> Dataset content:
• • • • •

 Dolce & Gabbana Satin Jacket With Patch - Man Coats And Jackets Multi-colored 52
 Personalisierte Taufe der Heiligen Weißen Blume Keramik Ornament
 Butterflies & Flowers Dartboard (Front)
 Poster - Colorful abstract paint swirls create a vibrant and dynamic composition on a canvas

• • • • •

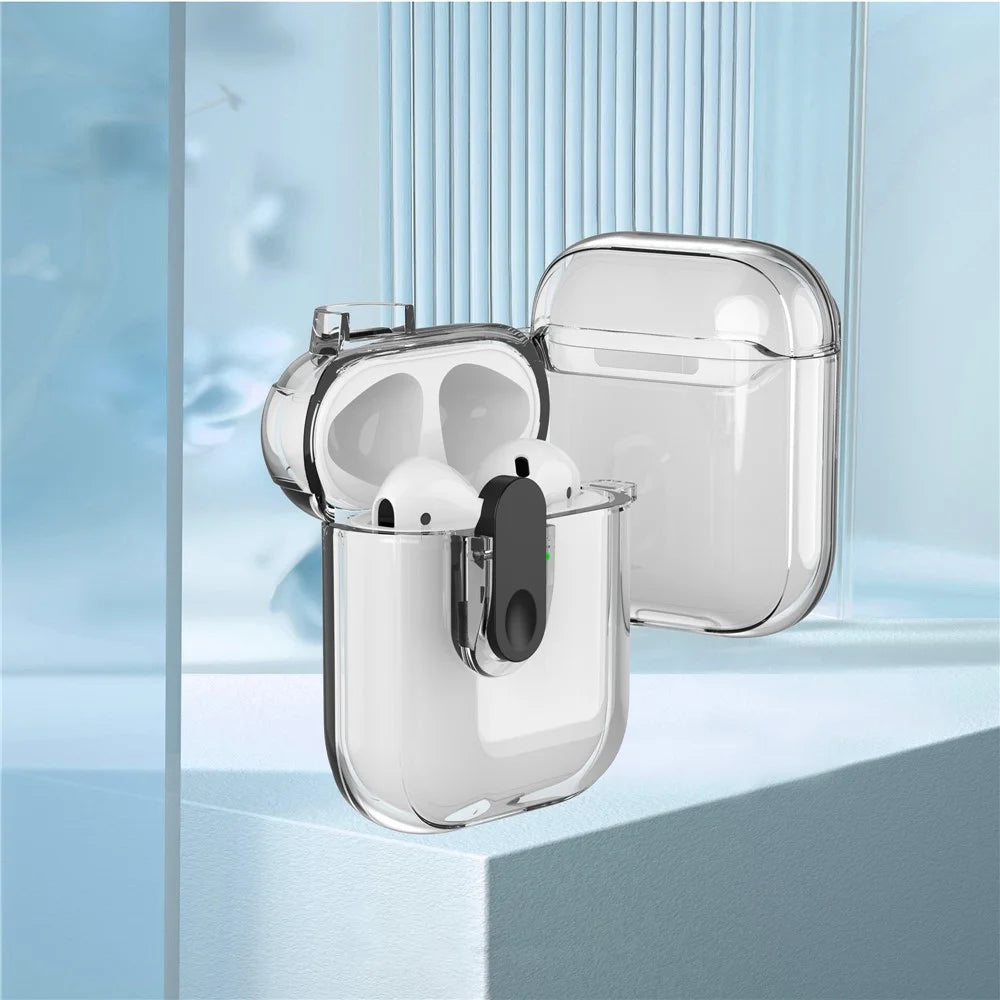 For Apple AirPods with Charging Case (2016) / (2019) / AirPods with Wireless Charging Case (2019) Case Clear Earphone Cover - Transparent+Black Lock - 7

• • • • •

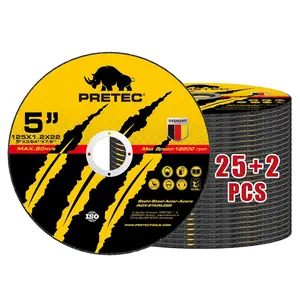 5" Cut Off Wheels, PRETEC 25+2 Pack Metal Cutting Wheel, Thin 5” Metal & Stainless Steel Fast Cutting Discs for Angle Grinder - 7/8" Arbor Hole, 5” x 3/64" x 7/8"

• • • • •

> What you have to do: Write down exactly the span of lines above from the one containing "Butterflies & Flowers Dartboard (Front)" to the one containing "Poster - Colorful", both ends included.

> Exercise result:
 Butterflies & Flowers Dartboard (Front)
 Poster - Colorful abstract paint swirls create a vibrant and dynamic composition on a canvas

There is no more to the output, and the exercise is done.